:: EXERCISE GOAL ::
Would you write out, word for word, each line of the records below from the top through the one holding "P1000961Tulpen.JPG"?
────────────────────────────────────────
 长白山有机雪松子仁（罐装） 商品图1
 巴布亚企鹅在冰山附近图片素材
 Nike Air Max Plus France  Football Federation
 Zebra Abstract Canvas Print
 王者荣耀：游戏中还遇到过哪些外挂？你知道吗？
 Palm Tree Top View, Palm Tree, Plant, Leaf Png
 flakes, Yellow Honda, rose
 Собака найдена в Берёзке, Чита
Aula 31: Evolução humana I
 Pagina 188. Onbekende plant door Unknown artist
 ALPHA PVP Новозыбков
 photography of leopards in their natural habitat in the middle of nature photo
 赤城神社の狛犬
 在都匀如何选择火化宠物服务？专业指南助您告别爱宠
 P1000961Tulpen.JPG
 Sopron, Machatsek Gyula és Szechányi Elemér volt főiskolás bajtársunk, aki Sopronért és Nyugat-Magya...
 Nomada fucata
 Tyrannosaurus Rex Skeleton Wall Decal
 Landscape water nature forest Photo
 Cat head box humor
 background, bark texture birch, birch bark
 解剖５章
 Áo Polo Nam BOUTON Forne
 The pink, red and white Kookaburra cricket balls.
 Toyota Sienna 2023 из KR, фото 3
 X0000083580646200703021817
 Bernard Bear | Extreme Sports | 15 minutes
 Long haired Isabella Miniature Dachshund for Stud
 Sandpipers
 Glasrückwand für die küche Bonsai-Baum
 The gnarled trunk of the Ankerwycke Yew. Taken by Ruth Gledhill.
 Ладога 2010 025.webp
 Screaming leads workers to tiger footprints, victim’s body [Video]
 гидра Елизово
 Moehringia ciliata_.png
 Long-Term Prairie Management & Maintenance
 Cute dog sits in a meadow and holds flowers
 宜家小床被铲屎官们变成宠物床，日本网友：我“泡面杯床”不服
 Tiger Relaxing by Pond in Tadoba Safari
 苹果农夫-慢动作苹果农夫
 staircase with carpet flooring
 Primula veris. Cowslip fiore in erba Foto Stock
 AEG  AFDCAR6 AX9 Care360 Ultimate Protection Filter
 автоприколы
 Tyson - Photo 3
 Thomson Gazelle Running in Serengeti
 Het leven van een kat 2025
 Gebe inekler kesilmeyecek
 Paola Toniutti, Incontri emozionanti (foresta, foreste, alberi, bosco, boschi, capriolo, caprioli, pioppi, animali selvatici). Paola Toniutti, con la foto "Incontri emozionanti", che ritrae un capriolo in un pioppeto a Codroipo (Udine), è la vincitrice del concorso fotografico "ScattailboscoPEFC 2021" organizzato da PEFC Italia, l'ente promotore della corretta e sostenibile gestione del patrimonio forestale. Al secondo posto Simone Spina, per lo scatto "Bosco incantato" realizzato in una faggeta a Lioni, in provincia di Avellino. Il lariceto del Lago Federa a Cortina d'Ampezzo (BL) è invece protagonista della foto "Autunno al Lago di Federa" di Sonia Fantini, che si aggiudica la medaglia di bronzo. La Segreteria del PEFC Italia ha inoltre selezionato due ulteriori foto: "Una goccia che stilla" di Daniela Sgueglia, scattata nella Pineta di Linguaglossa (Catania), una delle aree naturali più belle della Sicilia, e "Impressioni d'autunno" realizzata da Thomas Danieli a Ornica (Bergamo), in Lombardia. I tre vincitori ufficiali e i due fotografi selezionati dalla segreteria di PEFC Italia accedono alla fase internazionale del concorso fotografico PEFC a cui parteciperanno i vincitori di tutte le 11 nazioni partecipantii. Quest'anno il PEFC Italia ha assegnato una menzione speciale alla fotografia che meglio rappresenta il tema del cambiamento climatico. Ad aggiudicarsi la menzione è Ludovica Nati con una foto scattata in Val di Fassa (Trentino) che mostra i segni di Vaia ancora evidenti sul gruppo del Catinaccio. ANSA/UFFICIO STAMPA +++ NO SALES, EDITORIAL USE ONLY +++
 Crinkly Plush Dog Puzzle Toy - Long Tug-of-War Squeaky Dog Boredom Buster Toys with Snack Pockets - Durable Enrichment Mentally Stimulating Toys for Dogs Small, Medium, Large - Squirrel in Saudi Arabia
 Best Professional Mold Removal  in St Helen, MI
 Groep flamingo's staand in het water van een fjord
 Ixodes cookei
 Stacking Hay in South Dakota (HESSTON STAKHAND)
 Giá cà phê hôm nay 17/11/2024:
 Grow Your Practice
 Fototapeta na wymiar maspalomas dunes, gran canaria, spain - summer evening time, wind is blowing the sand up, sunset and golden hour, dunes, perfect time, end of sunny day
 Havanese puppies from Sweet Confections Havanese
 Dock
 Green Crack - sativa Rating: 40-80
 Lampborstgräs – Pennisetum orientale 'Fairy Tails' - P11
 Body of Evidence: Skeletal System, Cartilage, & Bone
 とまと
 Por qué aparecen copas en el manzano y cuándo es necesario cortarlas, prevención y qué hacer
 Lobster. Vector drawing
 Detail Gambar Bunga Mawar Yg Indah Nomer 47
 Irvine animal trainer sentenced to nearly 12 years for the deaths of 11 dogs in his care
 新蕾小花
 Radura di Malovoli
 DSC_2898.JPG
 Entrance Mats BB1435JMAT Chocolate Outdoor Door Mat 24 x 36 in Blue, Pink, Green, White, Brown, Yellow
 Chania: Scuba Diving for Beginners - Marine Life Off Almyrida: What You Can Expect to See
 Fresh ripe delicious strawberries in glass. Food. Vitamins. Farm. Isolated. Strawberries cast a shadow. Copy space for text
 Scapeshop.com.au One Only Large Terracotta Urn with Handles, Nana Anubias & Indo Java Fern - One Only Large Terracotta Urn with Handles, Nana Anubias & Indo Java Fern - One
────────────────────────────────────────
:: SOLUTION TO THE PROBLEM ::
 长白山有机雪松子仁（罐装） 商品图1
 巴布亚企鹅在冰山附近图片素材
 Nike Air Max Plus France  Football Federation
 Zebra Abstract Canvas Print
 王者荣耀：游戏中还遇到过哪些外挂？你知道吗？
 Palm Tree Top View, Palm Tree, Plant, Leaf Png
 flakes, Yellow Honda, rose
 Собака найдена в Берёзке, Чита
Aula 31: Evolução humana I
 Pagina 188. Onbekende plant door Unknown artist
 ALPHA PVP Новозыбков
 photography of leopards in their natural habitat in the middle of nature photo
 赤城神社の狛犬
 在都匀如何选择火化宠物服务？专业指南助您告别爱宠
 P1000961Tulpen.JPG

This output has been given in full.